Create the `-loop-unroll-use-branch-weights` LLVM flag to enable/disable the usage of `getLoopEstimatedTripCount()` which uses branch weights to determine the peel count.

https://github.com/llvm/llvm-project/blob/dc21cb5cc74fdff18418092570230cd980cafa27/llvm/include/llvm/Transforms/Utils/LoopUtils.h#L318-L324

When building with `-Oz`, consuming profiles can drastically increase binary size.

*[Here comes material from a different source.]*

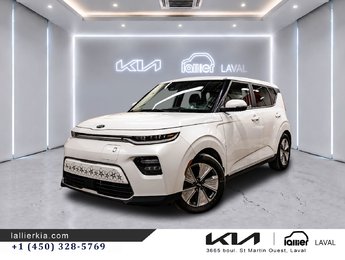 Kia Soul EV EV Limited 2021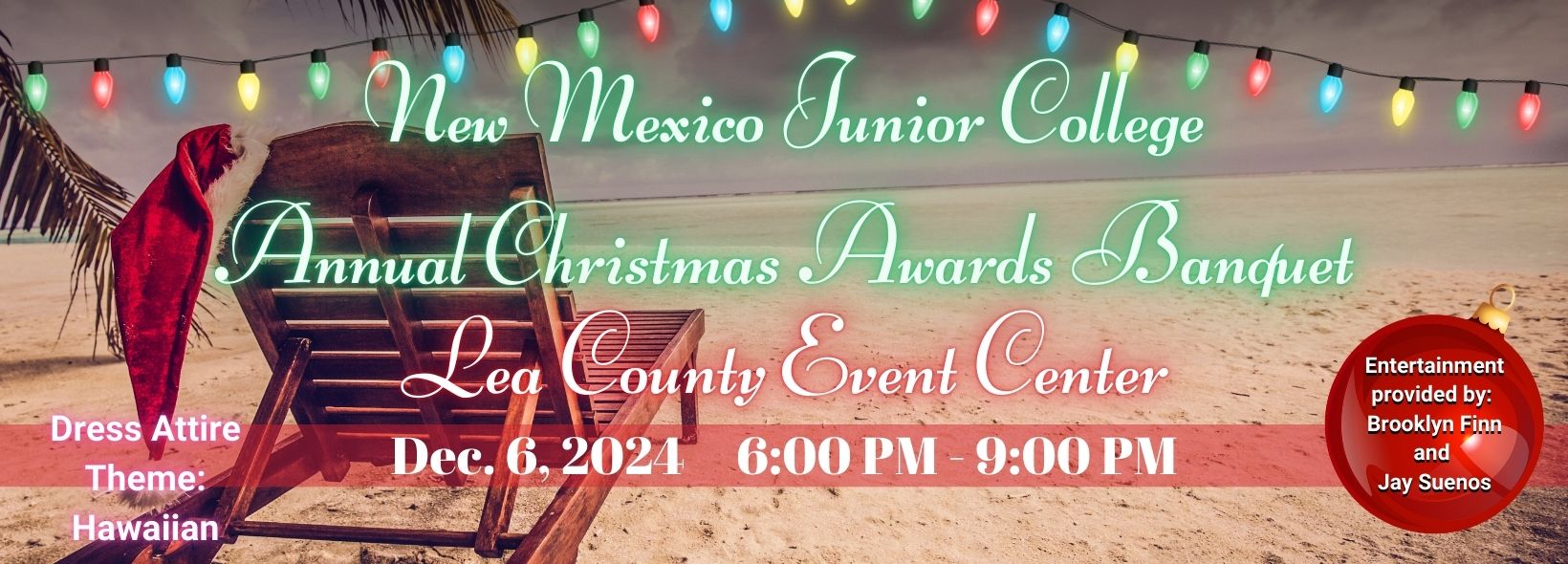 2024 NMJC Christmas Banquet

We found `-loop-unroll-use-branch-weights=false` can give us a 1.6% text size win when profiles are used, which mitigates some of this regression.

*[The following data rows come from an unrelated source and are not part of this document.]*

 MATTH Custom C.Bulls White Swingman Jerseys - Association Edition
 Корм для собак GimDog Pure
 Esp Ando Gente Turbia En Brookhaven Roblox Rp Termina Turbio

>From 9a0e480777fc85bd8125a7324f2f1133b8dd41af Mon Sep 17 00:00:00 2001
From: Ellis Hoag <ellis.sparky.hoag at gmail.com>
Date: Mon, 12 Aug 2024 11:29:10 -0700
Subject: [PATCH] [LoopUnroll] Add flag to disable PGO usage

---
 llvm/include/llvm/Transforms/Utils/LoopPeel.h         |  3 ++-
 llvm/lib/Transforms/Scalar/LoopUnrollPass.cpp         | 11 +++++++++--
 llvm/lib/Transforms/Utils/LoopPeel.cpp                |  6 +++---
 .../LoopUnroll/peel-loop-conditions-pgo-1.ll          |  7 ++++---
 4 files changed, 18 insertions(+), 9 deletions(-)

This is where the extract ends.